Task brief: Read the lines of the data below and retrieve those with "Silver".

◆ ◆ ◆ ◆ ◆ ◆ ◆

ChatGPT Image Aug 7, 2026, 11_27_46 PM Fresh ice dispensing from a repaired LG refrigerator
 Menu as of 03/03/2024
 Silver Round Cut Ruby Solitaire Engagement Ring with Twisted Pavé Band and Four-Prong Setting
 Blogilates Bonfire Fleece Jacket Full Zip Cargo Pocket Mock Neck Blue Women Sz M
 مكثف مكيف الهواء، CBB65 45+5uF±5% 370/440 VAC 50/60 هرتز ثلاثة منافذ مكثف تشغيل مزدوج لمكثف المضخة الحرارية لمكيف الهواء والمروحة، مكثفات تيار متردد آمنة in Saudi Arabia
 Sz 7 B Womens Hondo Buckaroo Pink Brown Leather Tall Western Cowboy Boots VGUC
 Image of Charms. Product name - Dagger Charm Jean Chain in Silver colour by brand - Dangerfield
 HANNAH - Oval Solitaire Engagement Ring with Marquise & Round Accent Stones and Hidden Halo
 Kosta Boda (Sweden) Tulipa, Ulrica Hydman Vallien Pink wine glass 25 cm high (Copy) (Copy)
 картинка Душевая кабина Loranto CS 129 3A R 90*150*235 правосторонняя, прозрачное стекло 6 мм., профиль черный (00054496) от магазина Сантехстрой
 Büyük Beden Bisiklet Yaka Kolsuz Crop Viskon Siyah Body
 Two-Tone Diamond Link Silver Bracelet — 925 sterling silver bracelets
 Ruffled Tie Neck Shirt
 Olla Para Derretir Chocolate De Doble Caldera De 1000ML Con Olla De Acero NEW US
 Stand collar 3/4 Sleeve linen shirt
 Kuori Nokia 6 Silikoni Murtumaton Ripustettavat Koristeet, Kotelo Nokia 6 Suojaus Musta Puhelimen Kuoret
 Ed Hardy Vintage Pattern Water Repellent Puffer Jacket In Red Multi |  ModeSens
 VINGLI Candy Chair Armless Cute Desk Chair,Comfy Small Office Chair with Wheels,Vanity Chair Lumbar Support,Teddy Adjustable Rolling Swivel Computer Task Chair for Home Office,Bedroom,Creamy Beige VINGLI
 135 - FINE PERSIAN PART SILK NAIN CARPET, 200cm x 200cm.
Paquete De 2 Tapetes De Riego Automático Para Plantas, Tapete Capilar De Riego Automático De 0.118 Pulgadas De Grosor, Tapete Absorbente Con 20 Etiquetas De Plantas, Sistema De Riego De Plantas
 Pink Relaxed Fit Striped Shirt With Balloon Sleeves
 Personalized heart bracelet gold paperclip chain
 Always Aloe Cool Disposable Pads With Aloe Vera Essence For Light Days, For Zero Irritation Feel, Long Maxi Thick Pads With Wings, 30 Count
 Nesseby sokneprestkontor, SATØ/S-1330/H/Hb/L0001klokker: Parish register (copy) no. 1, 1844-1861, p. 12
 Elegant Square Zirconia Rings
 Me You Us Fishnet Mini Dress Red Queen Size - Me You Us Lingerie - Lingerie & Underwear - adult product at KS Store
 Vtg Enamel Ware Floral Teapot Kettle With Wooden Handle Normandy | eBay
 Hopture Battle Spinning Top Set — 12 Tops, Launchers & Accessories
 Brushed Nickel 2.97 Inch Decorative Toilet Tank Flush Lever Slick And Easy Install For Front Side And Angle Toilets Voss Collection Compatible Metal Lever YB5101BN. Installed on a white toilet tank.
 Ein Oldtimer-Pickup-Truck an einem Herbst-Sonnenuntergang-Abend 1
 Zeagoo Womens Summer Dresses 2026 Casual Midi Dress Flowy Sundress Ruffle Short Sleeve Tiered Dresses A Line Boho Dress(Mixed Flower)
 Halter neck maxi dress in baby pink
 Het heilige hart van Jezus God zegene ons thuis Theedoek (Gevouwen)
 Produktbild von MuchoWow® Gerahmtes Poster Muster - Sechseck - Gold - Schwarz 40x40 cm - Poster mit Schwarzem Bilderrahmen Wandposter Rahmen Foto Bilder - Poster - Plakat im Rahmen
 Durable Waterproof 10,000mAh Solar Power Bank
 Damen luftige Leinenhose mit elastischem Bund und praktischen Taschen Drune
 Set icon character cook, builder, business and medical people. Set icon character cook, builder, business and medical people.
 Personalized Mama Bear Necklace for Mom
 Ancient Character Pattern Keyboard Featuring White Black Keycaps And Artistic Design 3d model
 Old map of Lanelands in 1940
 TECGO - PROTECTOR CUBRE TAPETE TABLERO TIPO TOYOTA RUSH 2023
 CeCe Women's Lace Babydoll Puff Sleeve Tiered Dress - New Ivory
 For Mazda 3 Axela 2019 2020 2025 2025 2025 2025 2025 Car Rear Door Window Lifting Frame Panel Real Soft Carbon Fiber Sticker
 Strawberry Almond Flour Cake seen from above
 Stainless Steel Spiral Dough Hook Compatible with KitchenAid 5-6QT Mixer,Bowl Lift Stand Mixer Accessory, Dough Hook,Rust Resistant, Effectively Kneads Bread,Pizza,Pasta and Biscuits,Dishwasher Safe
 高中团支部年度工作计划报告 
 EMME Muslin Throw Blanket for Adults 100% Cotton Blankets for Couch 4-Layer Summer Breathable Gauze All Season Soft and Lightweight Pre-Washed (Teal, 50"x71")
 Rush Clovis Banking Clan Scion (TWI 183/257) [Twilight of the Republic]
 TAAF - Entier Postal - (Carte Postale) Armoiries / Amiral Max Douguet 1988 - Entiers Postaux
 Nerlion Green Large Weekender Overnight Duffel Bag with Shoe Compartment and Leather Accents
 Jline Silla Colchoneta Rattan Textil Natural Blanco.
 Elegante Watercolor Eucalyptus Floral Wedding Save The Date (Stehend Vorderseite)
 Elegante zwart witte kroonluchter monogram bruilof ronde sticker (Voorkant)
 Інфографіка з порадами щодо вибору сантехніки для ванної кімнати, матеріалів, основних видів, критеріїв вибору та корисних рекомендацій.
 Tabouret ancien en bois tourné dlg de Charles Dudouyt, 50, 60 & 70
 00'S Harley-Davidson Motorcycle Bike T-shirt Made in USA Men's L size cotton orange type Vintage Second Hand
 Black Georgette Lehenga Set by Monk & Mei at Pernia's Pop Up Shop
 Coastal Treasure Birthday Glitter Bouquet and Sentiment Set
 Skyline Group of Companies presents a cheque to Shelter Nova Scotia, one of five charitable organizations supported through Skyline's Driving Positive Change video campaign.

◆ ◆ ◆ ◆ ◆ ◆ ◆

Written response:
 Silver Round Cut Ruby Solitaire Engagement Ring with Twisted Pavé Band and Four-Prong Setting
 Image of Charms. Product name - Dagger Charm Jean Chain in Silver colour by brand - Dangerfield
 Two-Tone Diamond Link Silver Bracelet — 925 sterling silver bracelets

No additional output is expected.